WELT: Das Grundsatzprogramm muss noch durch die CDU-Gremien, ehe es im kommenden Mai endgültig verabschiedet werden soll. Was sollte bis dahin noch eingefügt werden?

Lechner: Ich würde mir wünschen, dass wir endlich aufhören, immer und immer wieder neue spezifischen Förderprogramme zu schreiben, mit denen der Staat die Wirtschaft in diese oder jene Richtung lenken will. Das Gleiche gilt für die unzähligen kommunalen Förderprogramme des Bundes oder der Länder, an denen sich viele Städte und Gemeinden inzwischen gar nicht mehr beteiligen, weil sie regelmäßig mit viel zu viel bürokratischem Aufwand verbunden sind.

WELT: Ihre Alternative?

Lechner: Die Förderpraxis, insbesondere des Bundes, führt uns immer mehr in den Zentralstaat. Das kann nicht unser Ziel sein. Wir brauchenmehr Eigenverantwortung und weniger staatliche Lenkung – weg von dieser Förder-Aristokratie. Die Wirtschaft, auch die Kommunen und Länder müssen wieder selbst entscheiden können, wofür sie ihr Geld ausgeben. Das sollten wir in unserem neuen Grundsatzprogramm noch stärker und deutlicher verankern, ehe wir es verabschieden.

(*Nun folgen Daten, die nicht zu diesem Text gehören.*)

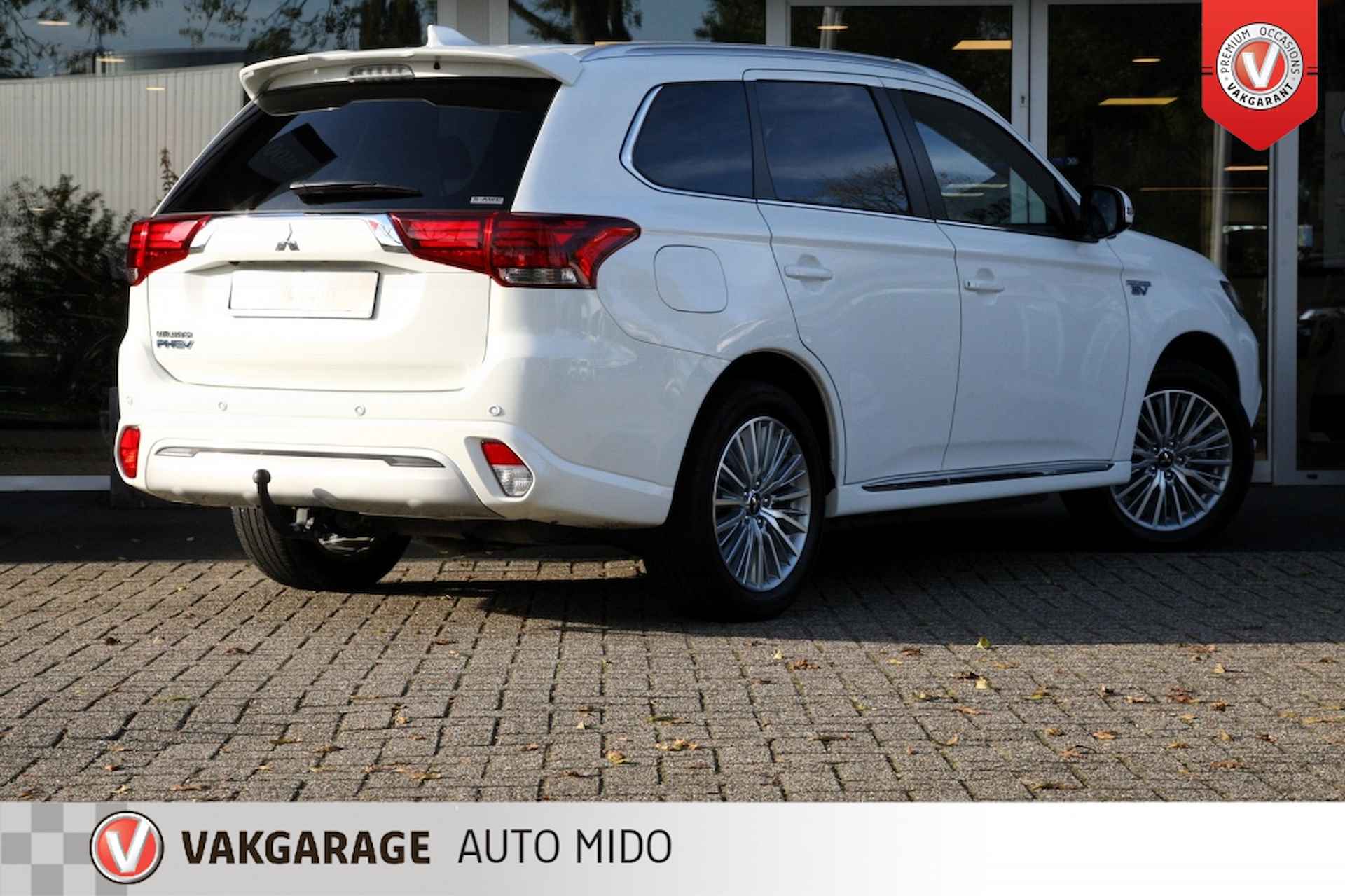 Mitsubishi Outlander 2.4 PHEV Instyle 4WD -Schuifdak- -Trekhaak- BTW AUTO - 7/60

WELT: Letzte Frage: Wer soll Kanzlerkandidat der Union werden?

Lechner: Diese Frage werden wir, entsprechend unserem Zeitplan, im kommenden Jahr beantworten.

WELT: Welche Qualitäten müsste der nächste Kanzlerkandidat mitbringen?

Lechner: Die Menschen müssen der Person, die wir nominieren, vertrauen können. Sie müssen spüren, dass sie ein Konzept für Deutschland hat, die Partei geschlossen hinter ihr steht und dass sie eine dezidiert andere Politik vertritt als die jetzige Bundesregierung. Friedrich Merz macht als Bundes- und Fraktionsvorsitzender in diesem Sinne eine sehr gute Arbeit.